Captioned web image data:
══════

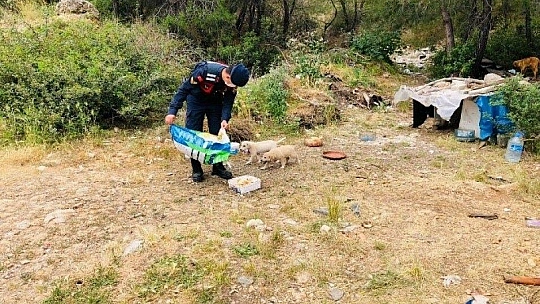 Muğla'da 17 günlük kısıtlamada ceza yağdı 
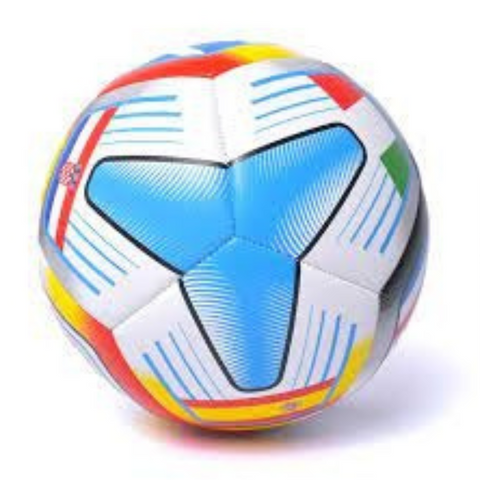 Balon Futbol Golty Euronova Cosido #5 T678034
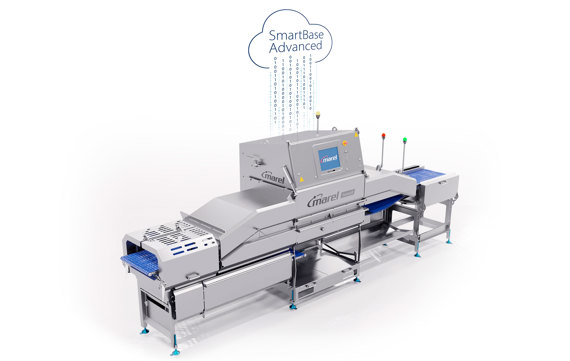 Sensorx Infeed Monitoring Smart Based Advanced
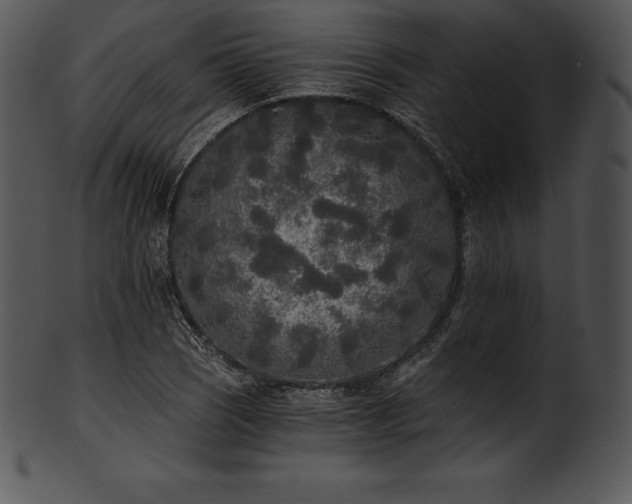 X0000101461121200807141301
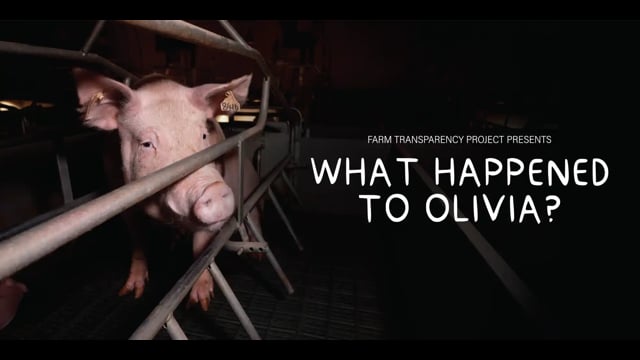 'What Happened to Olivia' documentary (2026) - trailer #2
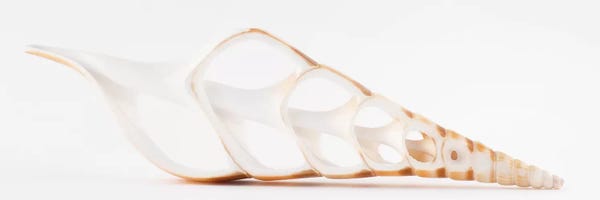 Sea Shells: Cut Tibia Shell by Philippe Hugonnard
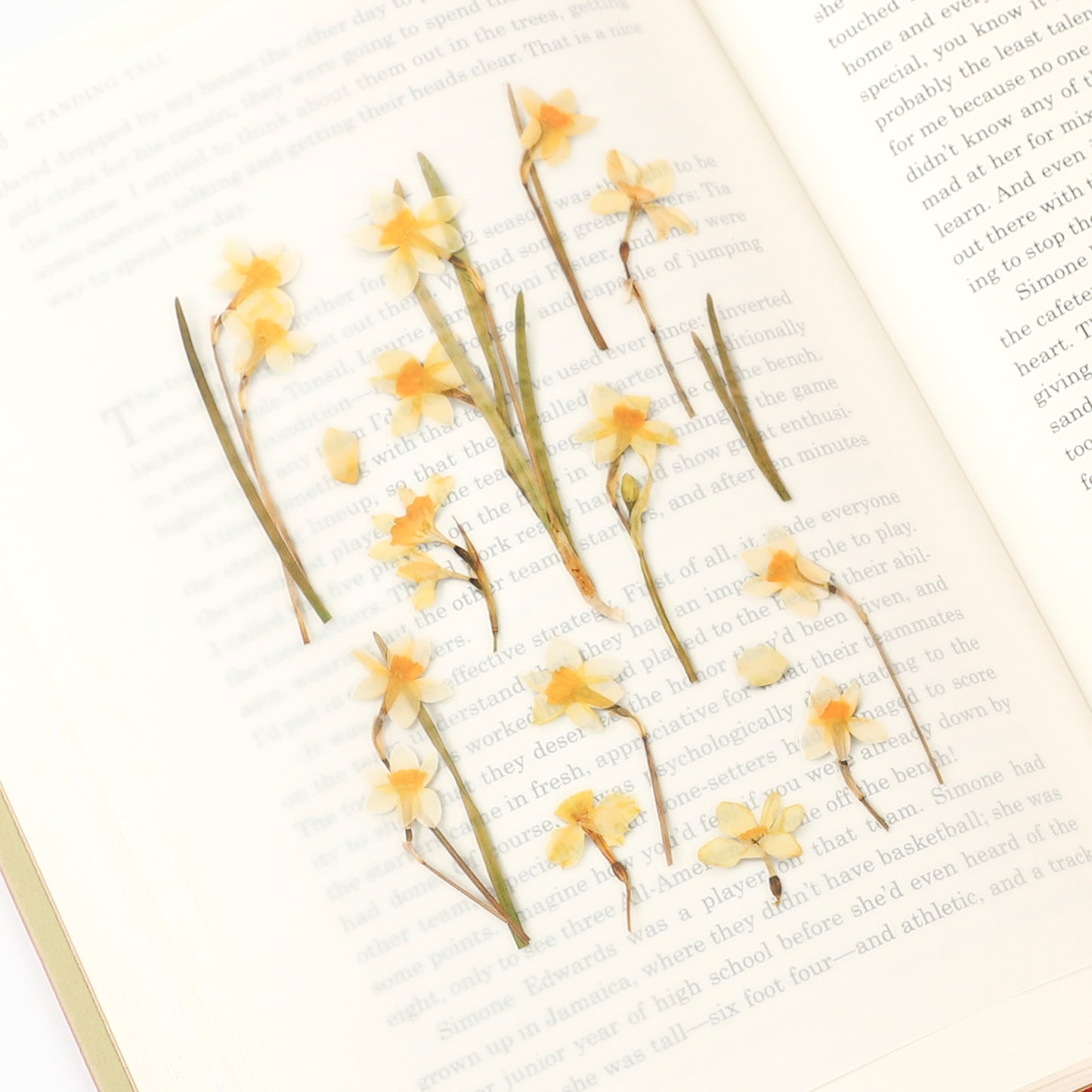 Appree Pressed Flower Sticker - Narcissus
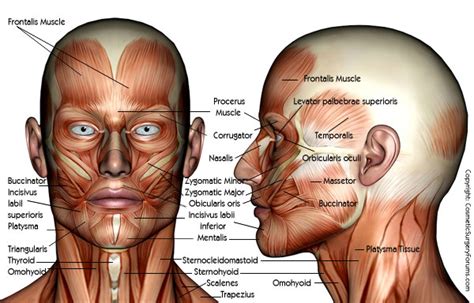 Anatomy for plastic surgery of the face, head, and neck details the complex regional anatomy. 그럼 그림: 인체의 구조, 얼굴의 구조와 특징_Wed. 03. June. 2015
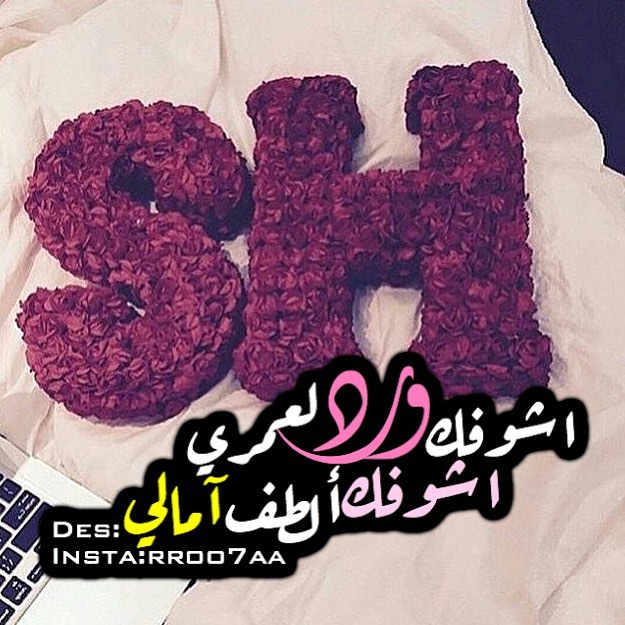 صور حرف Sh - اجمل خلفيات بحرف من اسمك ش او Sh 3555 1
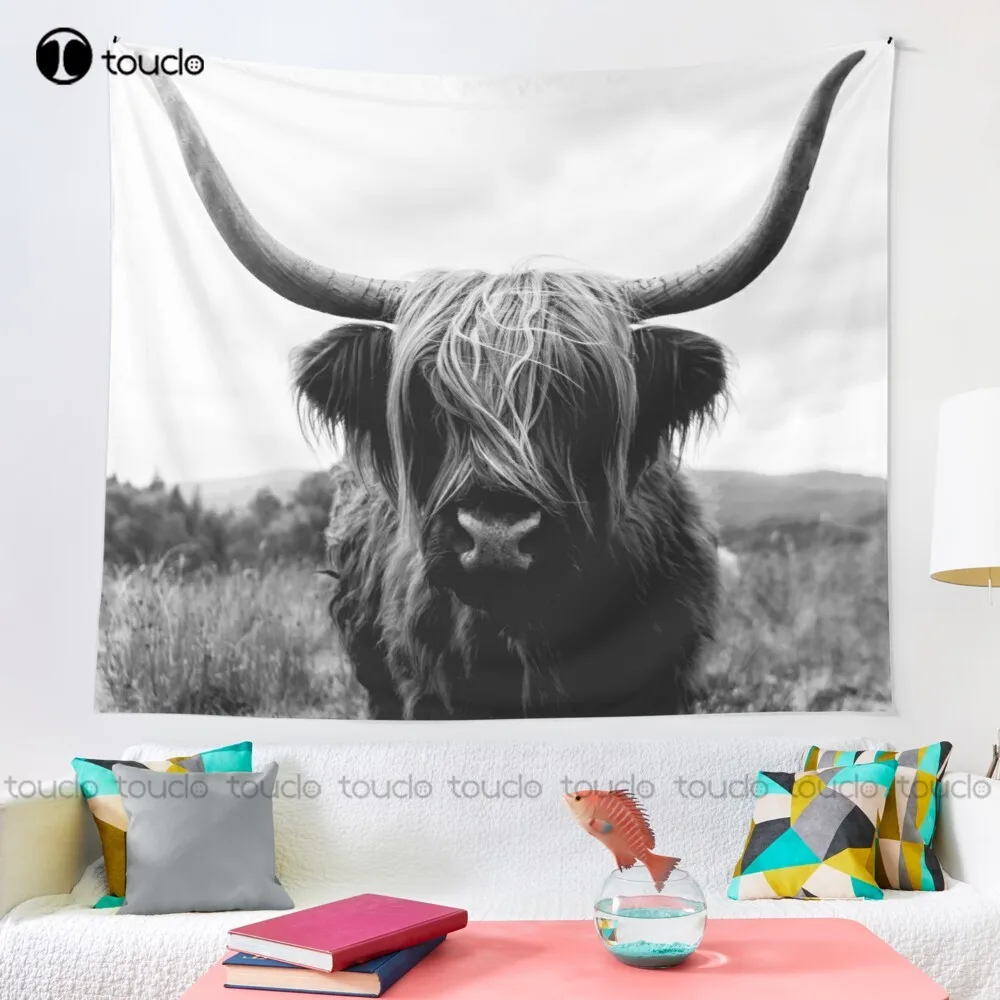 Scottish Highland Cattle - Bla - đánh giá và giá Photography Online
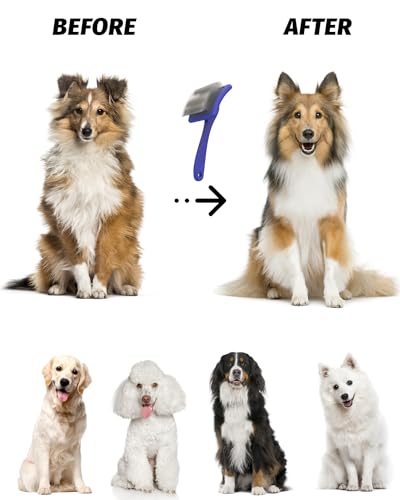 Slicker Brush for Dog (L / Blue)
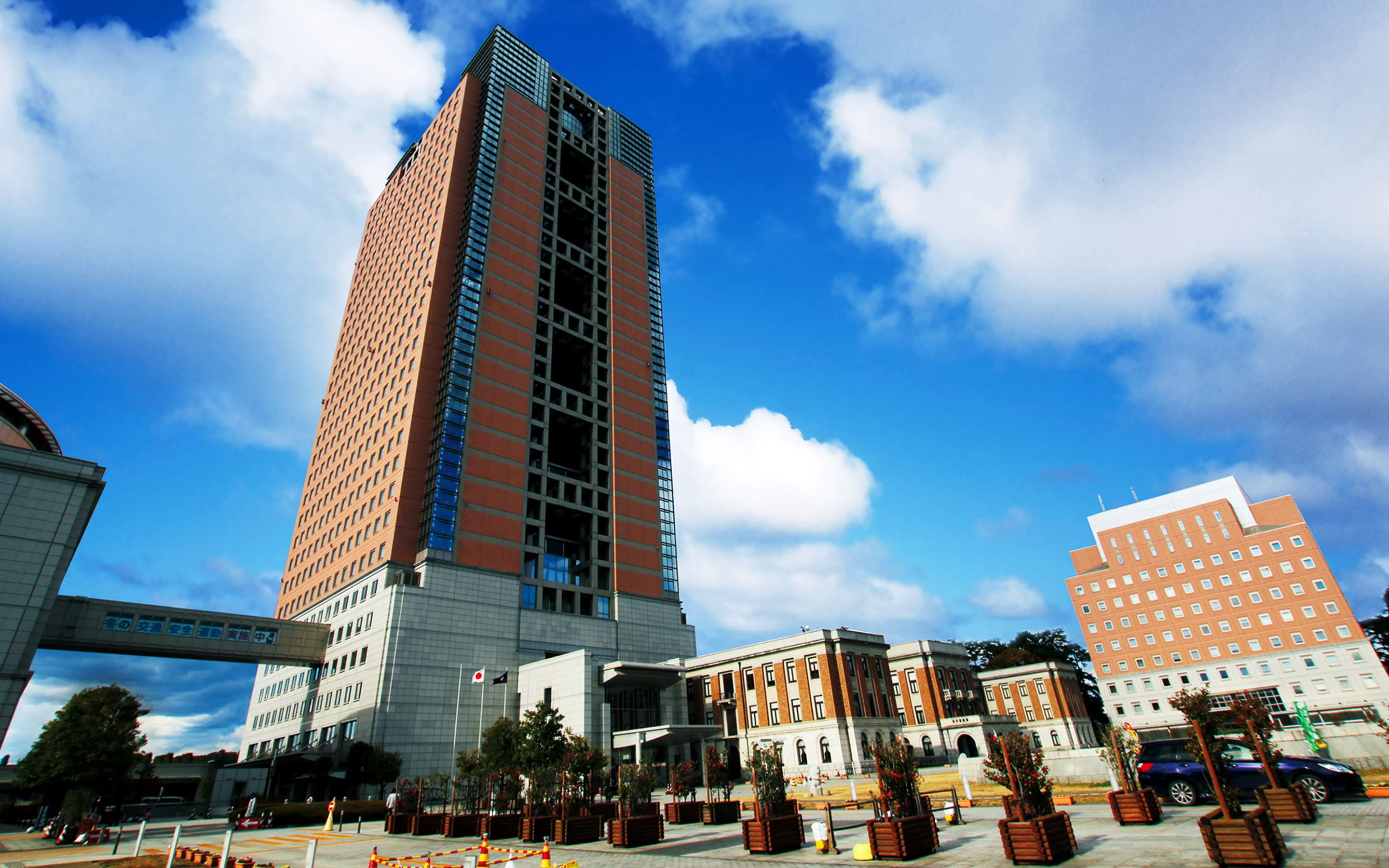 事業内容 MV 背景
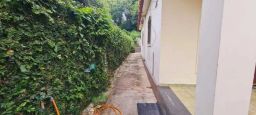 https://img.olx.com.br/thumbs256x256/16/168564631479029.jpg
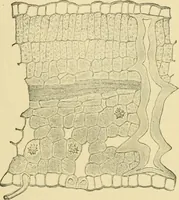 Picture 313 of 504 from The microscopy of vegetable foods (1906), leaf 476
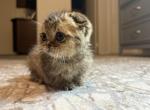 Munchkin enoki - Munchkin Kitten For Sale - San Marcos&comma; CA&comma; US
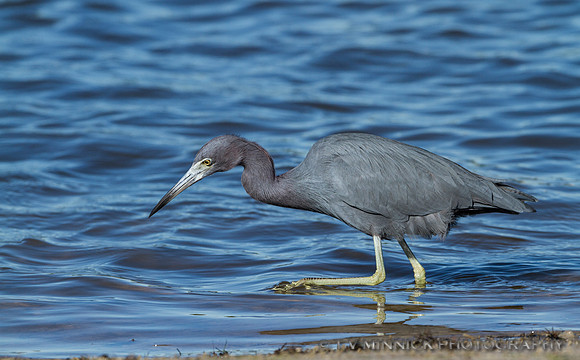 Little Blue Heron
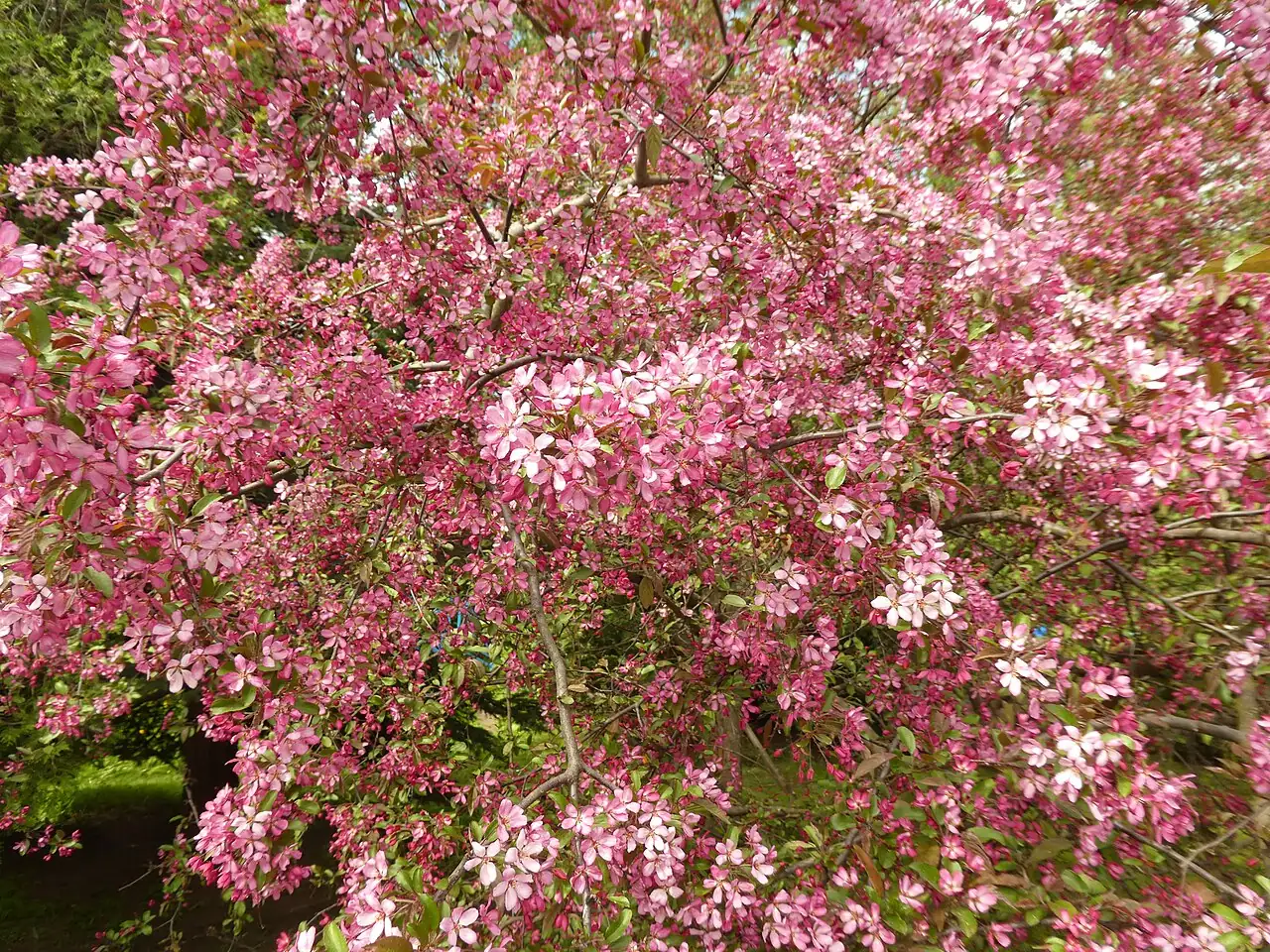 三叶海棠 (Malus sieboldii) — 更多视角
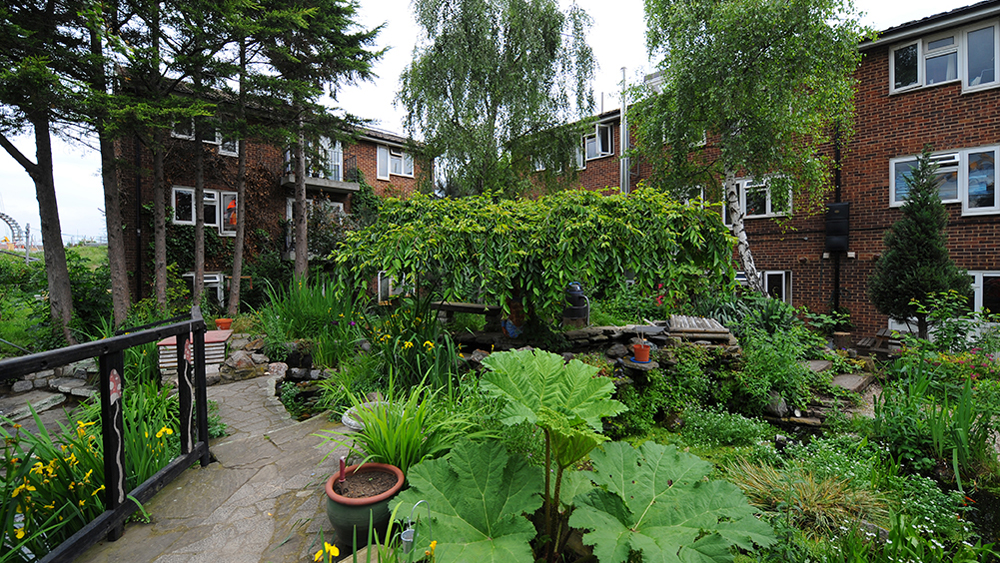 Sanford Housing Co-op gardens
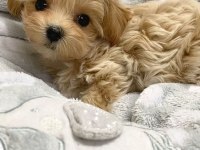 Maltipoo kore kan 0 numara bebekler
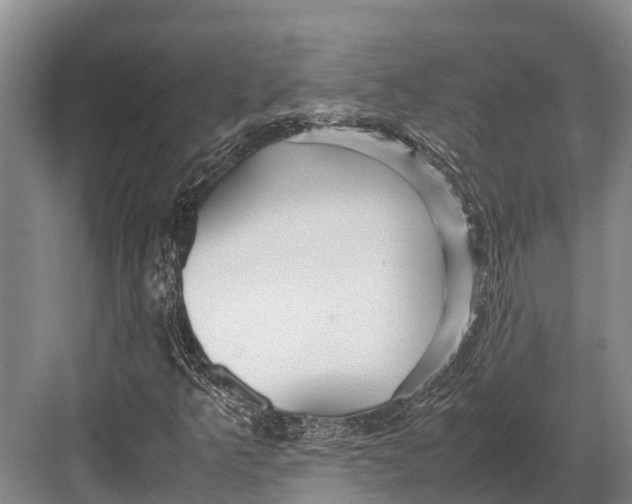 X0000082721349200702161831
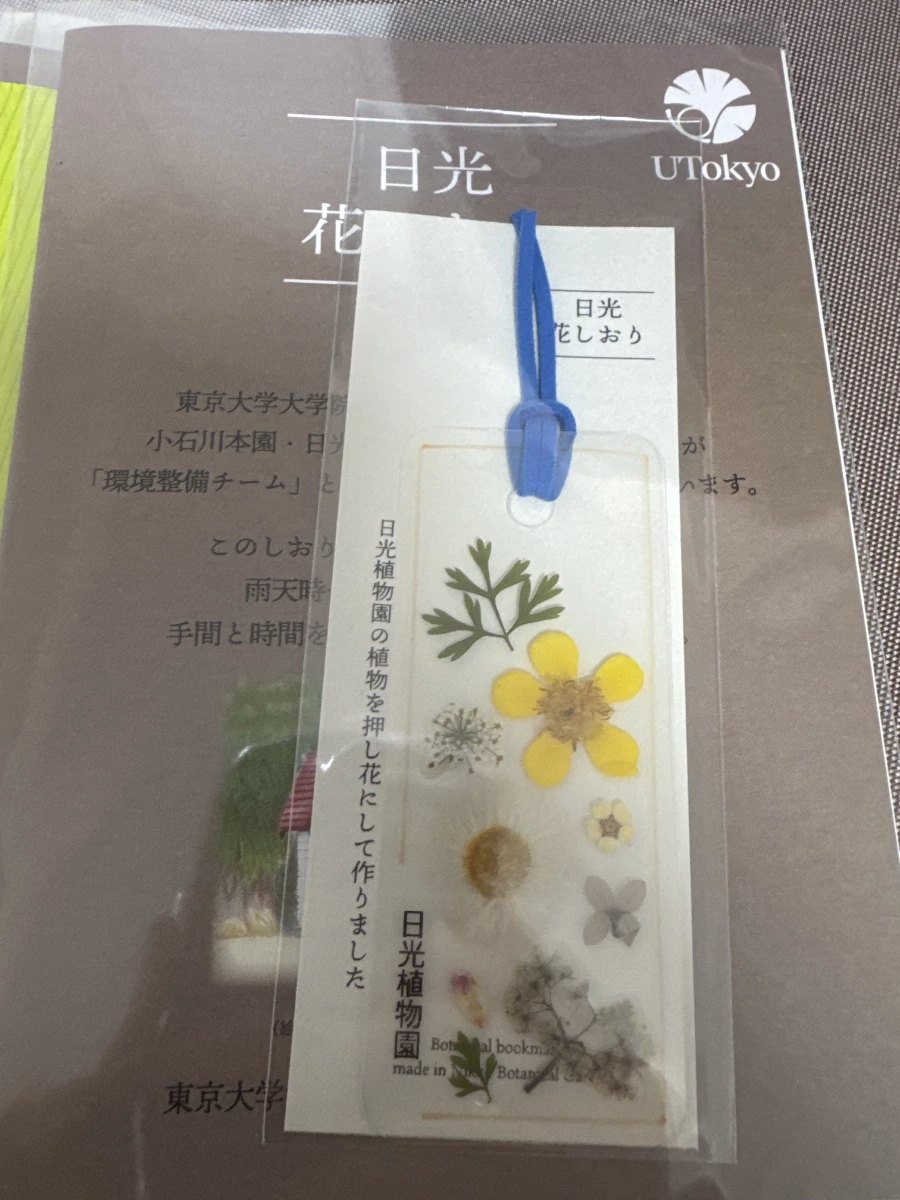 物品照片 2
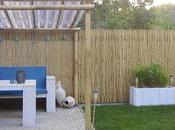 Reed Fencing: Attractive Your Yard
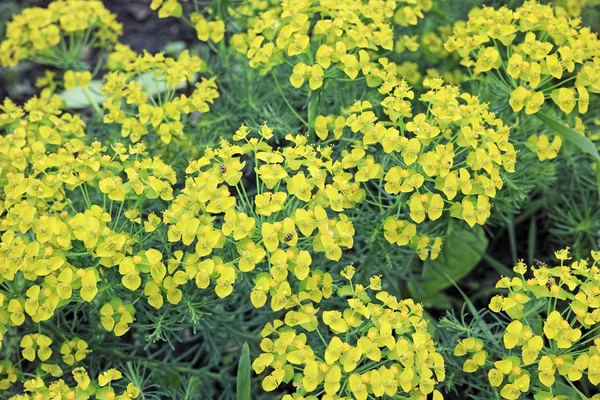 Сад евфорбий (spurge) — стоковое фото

══════

§ ACTIVITY:
The expected response is every entry above, repeated exactly, pictures removed.

§ EXERCISE ANSWER:
 Muğla'da 17 günlük kısıtlamada ceza yağdı 
 Balon Futbol Golty Euronova Cosido #5 T678034
 Sensorx Infeed Monitoring Smart Based Advanced
 X0000101461121200807141301
 'What Happened to Olivia' documentary (2026) - trailer #2
 Sea Shells: Cut Tibia Shell by Philippe Hugonnard
 Appree Pressed Flower Sticker - Narcissus
 Anatomy for plastic surgery of the face, head, and neck details the complex regional anatomy. 그럼 그림: 인체의 구조, 얼굴의 구조와 특징_Wed. 03. June. 2015
 صور حرف Sh - اجمل خلفيات بحرف من اسمك ش او Sh 3555 1
 Scottish Highland Cattle - Bla - đánh giá và giá Photography Online
 Slicker Brush for Dog (L / Blue)
 事業内容 MV 背景
 https://img.olx.com.br/thumbs256x256/16/168564631479029.jpg
 Picture 313 of 504 from The microscopy of vegetable foods (1906), leaf 476
 Munchkin enoki - Munchkin Kitten For Sale - San Marcos&comma; CA&comma; US
 Little Blue Heron
 三叶海棠 (Malus sieboldii) — 更多视角
 Sanford Housing Co-op gardens
 Maltipoo kore kan 0 numara bebekler
 X0000082721349200702161831
 物品照片 2
 Reed Fencing: Attractive Your Yard
 Сад евфорбий (spurge) — стоковое фото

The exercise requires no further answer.